◆ WORK INSTRUCTIONS
Without altering a word, return the records below, but exclude the pictures.

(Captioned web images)
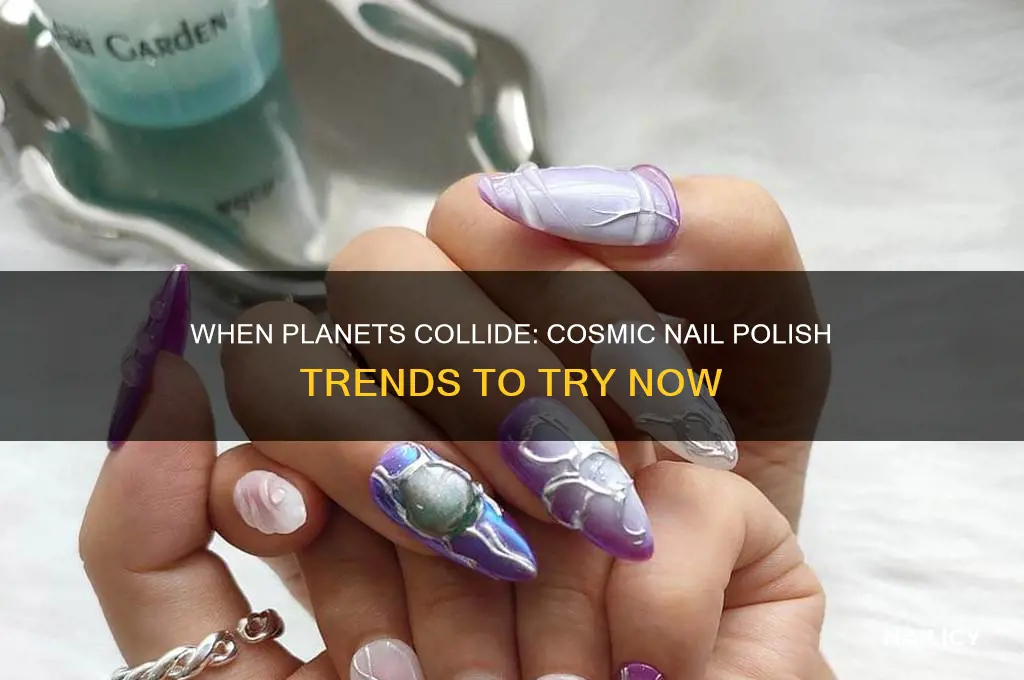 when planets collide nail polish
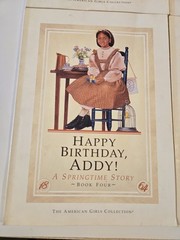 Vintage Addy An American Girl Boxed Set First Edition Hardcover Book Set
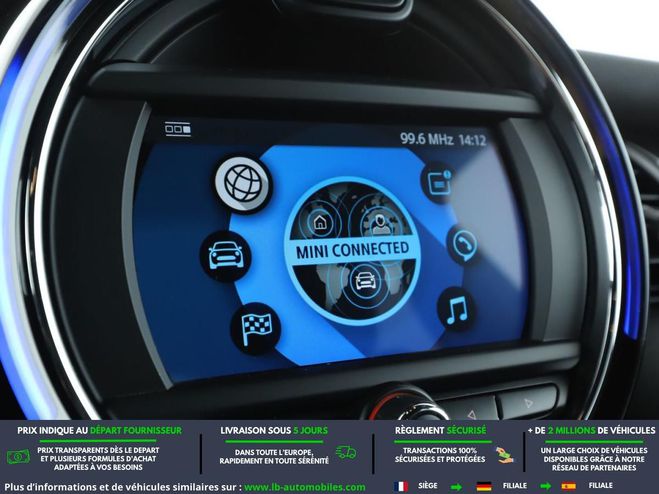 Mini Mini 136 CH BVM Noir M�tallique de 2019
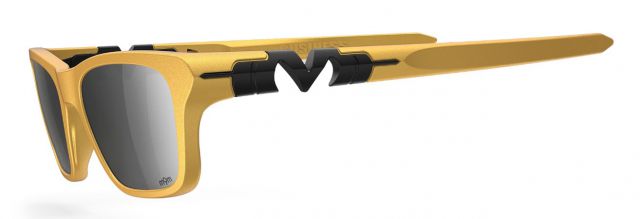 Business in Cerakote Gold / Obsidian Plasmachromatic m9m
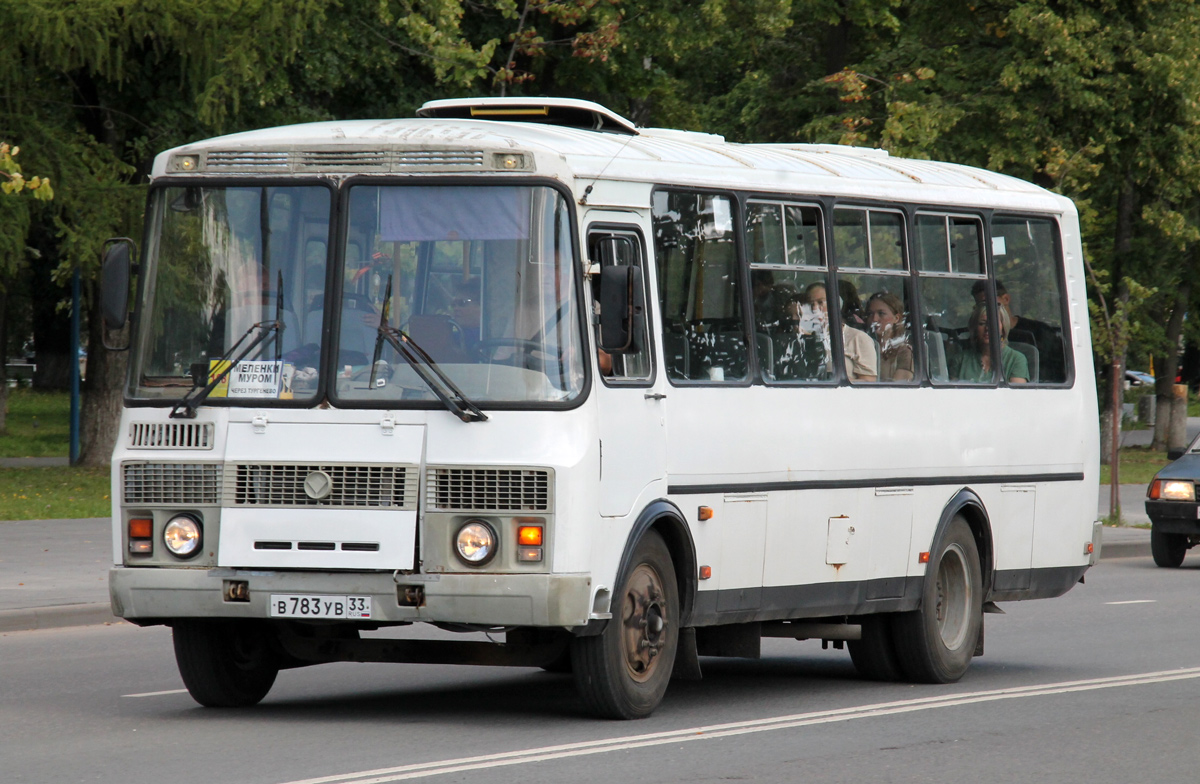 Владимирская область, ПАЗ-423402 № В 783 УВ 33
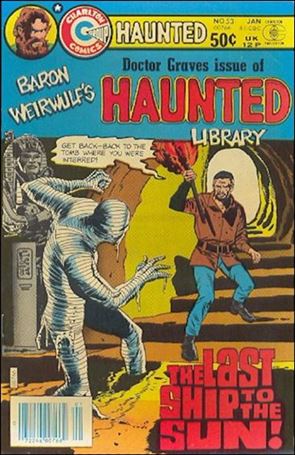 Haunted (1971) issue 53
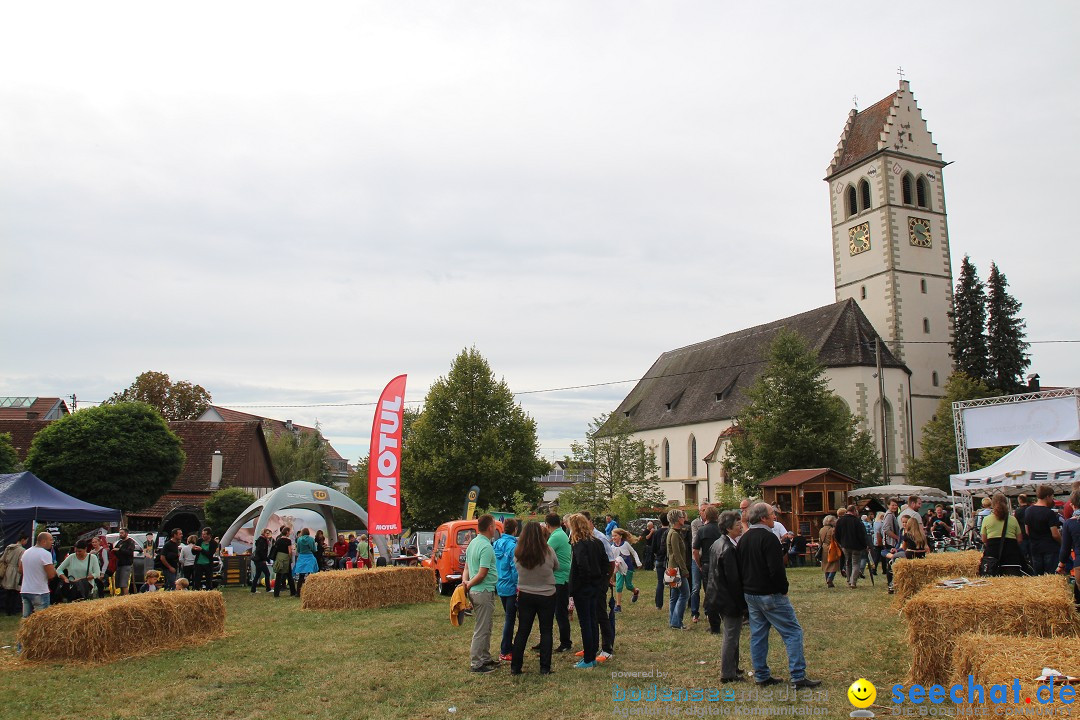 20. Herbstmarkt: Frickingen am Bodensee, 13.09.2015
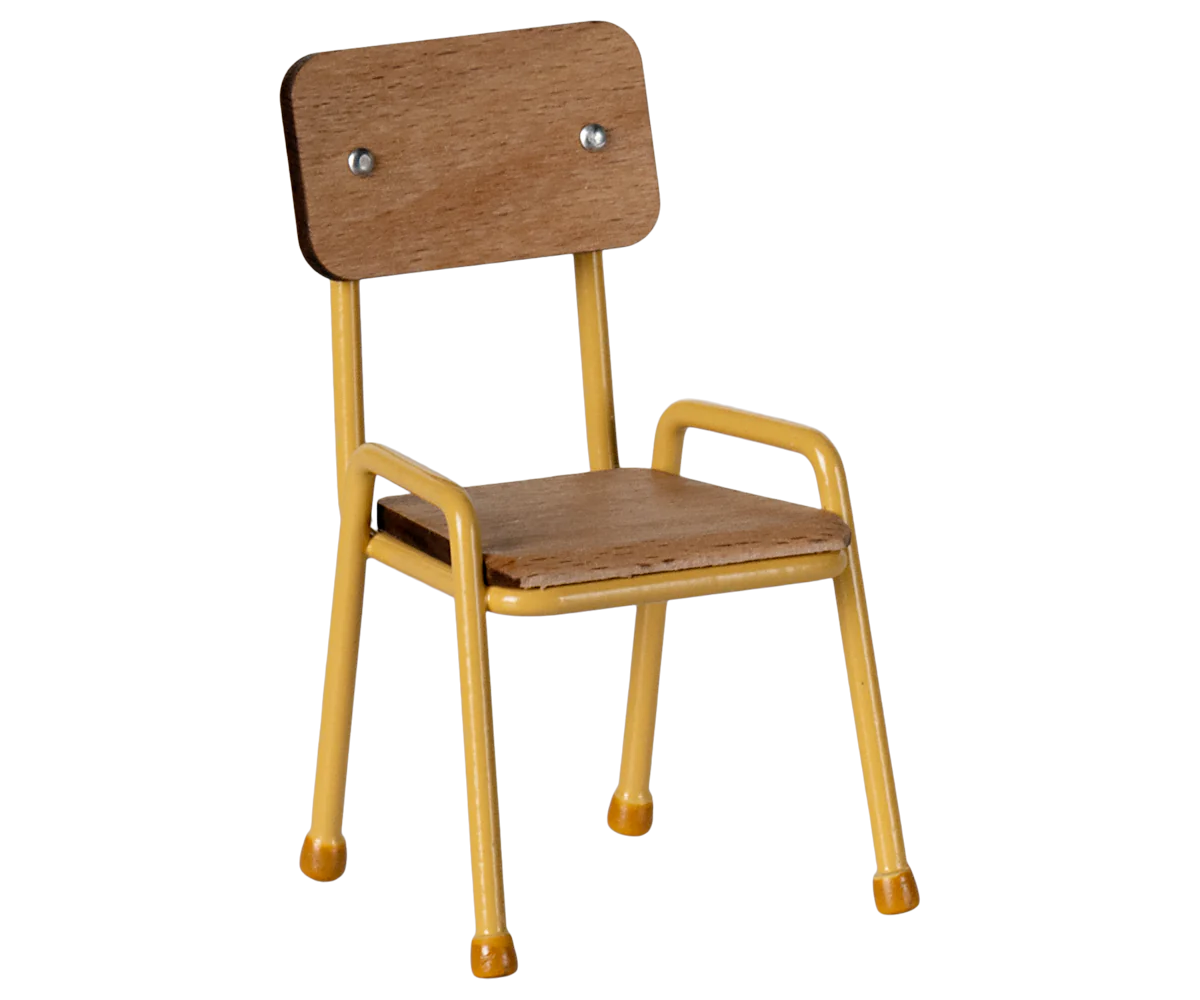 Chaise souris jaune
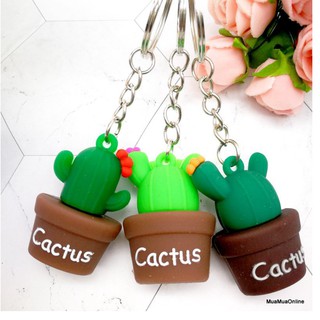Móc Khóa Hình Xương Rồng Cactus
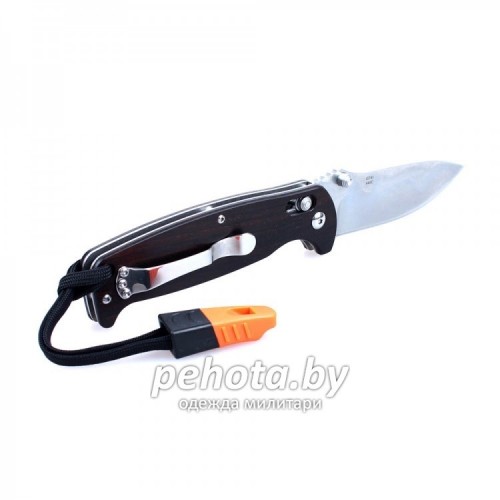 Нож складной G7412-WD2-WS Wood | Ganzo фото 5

◆ SOLUTION BELOW
 when planets collide nail polish
 Vintage Addy An American Girl Boxed Set First Edition Hardcover Book Set
 Mini Mini 136 CH BVM Noir M�tallique de 2019
 Business in Cerakote Gold / Obsidian Plasmachromatic m9m
 Владимирская область, ПАЗ-423402 № В 783 УВ 33
 Haunted (1971) issue 53
 20. Herbstmarkt: Frickingen am Bodensee, 13.09.2015
 Chaise souris jaune
Móc Khóa Hình Xương Rồng Cactus
 Нож складной G7412-WD2-WS Wood | Ganzo фото 5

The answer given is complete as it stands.